Gail J. McGovern (born 1952) is an American businessperson, who became president and CEO of the American Red Cross on June 23, 2008.  McGovern held top management positions at AT&T Corporation and Fidelity Investments.  She is a member of the board of trustees of Johns Hopkins University and the board of directors of DTE Energy.

Early life
Born in 1952 and raised as Gail J. Rosenberg in Springfield, New Jersey.  She received a Bachelor of Arts degree in quantitative sciences from Johns Hopkins University in 1974 and an MBA from Columbia Business School in 1987.

Career
She began at AT&T Corporation as a programmer also working in sales, marketing and management.  Eventually she became the executive vice president of the consumer markets division, the largest business unit, responsible for $26 billion in residential long-distance service.  She held this role from 1997 to 1998.

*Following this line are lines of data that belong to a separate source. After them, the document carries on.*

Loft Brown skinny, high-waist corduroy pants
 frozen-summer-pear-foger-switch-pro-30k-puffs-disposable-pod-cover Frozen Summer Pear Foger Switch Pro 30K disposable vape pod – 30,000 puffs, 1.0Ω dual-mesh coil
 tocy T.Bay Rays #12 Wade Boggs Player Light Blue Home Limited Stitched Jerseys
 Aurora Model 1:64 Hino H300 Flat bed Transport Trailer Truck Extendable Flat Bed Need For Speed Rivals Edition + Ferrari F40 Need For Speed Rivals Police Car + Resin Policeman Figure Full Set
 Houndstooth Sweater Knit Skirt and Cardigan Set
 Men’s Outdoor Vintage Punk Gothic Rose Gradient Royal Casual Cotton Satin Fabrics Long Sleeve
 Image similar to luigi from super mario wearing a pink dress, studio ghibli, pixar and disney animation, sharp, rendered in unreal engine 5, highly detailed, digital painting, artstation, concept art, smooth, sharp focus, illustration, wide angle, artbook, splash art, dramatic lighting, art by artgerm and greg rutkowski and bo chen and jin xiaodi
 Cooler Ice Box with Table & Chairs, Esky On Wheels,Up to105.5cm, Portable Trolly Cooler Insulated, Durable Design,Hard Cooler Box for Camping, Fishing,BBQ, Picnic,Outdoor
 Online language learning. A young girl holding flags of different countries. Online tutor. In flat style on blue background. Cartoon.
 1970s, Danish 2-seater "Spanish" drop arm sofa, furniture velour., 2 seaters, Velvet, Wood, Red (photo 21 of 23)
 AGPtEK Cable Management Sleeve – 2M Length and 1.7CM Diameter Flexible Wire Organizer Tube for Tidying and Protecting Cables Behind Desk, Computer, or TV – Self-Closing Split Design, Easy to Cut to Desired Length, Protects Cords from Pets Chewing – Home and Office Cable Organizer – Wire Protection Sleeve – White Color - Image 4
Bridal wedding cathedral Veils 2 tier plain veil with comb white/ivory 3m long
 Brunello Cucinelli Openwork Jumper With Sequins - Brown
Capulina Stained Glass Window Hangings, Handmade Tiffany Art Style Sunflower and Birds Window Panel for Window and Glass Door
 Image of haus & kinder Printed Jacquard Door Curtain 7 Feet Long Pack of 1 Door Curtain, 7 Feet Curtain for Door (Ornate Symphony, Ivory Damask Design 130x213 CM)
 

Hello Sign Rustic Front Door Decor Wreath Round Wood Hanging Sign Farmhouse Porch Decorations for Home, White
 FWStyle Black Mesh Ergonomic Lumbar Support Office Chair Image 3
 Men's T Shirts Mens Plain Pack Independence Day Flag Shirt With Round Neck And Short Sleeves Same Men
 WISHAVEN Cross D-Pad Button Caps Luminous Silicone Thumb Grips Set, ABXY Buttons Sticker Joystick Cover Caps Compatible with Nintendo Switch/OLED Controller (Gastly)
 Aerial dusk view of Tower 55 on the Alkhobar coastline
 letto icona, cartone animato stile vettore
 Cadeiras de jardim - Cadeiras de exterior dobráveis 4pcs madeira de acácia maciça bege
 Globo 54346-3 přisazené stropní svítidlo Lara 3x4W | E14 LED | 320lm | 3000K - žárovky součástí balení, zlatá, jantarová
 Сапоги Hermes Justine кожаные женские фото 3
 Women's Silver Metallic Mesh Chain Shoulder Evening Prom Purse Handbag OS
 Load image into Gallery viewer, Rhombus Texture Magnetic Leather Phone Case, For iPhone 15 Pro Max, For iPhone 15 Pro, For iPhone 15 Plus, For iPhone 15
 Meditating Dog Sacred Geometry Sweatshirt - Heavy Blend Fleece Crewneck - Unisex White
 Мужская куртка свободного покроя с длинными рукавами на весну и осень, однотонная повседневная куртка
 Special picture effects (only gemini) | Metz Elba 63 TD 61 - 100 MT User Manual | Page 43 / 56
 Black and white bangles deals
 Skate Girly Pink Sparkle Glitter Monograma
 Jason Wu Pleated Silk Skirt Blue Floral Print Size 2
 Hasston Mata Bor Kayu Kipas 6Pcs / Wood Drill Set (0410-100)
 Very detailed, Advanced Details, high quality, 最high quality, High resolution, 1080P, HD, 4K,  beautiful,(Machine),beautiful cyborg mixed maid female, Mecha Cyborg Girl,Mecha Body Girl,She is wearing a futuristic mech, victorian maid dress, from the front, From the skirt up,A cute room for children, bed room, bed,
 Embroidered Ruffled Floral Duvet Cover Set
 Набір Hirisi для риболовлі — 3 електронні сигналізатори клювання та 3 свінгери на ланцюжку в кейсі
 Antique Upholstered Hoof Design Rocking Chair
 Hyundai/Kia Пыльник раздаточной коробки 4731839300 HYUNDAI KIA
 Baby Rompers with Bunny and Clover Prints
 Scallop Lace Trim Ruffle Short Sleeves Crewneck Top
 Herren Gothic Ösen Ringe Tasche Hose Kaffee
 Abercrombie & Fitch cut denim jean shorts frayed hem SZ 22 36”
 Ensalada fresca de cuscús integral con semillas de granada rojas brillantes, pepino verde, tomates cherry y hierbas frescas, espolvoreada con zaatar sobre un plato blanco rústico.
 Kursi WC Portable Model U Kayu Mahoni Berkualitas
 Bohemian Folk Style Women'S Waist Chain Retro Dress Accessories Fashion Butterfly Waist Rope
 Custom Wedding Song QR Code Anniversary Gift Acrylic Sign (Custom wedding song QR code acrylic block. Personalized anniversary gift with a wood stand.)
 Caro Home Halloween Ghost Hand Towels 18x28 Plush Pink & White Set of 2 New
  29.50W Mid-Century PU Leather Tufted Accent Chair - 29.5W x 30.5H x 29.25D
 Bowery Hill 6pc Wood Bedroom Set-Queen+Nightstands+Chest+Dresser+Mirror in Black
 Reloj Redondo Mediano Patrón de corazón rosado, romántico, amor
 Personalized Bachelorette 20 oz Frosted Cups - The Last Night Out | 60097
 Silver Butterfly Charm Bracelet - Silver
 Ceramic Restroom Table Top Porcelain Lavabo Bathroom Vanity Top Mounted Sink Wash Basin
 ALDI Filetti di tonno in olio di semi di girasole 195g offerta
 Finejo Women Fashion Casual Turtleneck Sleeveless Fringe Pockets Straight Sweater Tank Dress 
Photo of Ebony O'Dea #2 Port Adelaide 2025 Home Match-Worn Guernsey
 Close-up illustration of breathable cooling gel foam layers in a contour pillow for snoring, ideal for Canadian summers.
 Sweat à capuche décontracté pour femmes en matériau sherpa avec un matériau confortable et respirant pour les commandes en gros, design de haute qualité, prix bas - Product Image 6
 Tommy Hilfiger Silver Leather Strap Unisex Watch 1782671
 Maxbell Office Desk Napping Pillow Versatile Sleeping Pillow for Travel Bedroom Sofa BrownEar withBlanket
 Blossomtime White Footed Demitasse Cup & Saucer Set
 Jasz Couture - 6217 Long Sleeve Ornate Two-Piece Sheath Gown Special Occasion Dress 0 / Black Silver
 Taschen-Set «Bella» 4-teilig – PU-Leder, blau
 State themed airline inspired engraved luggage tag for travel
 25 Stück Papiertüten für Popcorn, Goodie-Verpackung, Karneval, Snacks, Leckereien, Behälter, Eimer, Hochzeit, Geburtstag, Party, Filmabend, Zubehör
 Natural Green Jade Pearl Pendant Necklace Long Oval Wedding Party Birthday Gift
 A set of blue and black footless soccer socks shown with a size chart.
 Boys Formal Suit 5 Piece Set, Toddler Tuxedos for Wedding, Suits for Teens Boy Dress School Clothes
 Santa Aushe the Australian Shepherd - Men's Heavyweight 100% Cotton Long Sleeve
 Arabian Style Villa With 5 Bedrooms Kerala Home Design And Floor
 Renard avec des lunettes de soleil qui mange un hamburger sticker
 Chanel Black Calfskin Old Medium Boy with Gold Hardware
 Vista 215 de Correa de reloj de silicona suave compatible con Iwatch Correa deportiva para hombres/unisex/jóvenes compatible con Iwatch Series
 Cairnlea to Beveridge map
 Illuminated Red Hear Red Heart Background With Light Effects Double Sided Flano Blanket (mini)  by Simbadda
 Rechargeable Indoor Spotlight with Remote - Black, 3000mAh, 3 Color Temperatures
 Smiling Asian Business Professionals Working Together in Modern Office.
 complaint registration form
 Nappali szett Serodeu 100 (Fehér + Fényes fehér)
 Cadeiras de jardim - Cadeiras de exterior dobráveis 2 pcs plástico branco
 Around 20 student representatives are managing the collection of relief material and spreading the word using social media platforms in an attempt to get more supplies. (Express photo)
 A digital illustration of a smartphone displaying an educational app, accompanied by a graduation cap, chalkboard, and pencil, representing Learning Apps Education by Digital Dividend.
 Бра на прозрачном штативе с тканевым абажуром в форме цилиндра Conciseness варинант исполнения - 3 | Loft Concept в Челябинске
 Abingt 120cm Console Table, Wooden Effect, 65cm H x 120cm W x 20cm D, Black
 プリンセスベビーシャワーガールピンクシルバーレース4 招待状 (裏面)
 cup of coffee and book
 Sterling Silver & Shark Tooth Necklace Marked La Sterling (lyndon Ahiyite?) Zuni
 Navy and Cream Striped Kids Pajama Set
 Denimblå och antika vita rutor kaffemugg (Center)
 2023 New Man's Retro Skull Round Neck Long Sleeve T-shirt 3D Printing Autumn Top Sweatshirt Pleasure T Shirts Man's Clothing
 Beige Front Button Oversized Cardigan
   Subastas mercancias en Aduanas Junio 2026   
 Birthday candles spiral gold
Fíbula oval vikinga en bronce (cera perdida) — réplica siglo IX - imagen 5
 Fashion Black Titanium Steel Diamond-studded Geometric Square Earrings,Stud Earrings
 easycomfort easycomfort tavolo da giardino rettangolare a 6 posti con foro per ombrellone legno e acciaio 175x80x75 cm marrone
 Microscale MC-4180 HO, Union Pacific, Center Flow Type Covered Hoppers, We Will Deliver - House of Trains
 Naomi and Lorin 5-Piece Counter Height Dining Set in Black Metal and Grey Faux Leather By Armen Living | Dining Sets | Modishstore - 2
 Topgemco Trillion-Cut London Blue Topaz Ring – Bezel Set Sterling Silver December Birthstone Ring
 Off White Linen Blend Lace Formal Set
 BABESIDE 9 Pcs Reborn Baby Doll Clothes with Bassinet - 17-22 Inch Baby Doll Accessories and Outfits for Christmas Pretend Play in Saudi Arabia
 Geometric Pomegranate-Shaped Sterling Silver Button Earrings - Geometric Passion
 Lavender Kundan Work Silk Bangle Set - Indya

She joined Fidelity Investments in September 1998 as president of distribution and services.  Her department served 4 million customers with $500 billion in assets.

She was recognized by Fortune magazine in 2000 and 2001 as one of the top 50 most powerful women in corporate America.

She joined the faculty of the Harvard Business School in June 2002 where she taught marketing and consumer marketing to first and second year students.  McGovern was an adjunct faculty of the Harvard Business School.

She assumed the role of president and CEO of the American Red Cross on June 23, 2008, replacing Mark W. Everson, a former IRS commissioner and becoming the seventh chief in seven years.  In June she joined a delegation of 30 community leaders organized by the United States Agency for International Development to visit China and those affected by the 2008 Sichuan earthquake.  The focus of her work at the Red Cross has been to improve the image of the Red Cross brand and thereby increase donations.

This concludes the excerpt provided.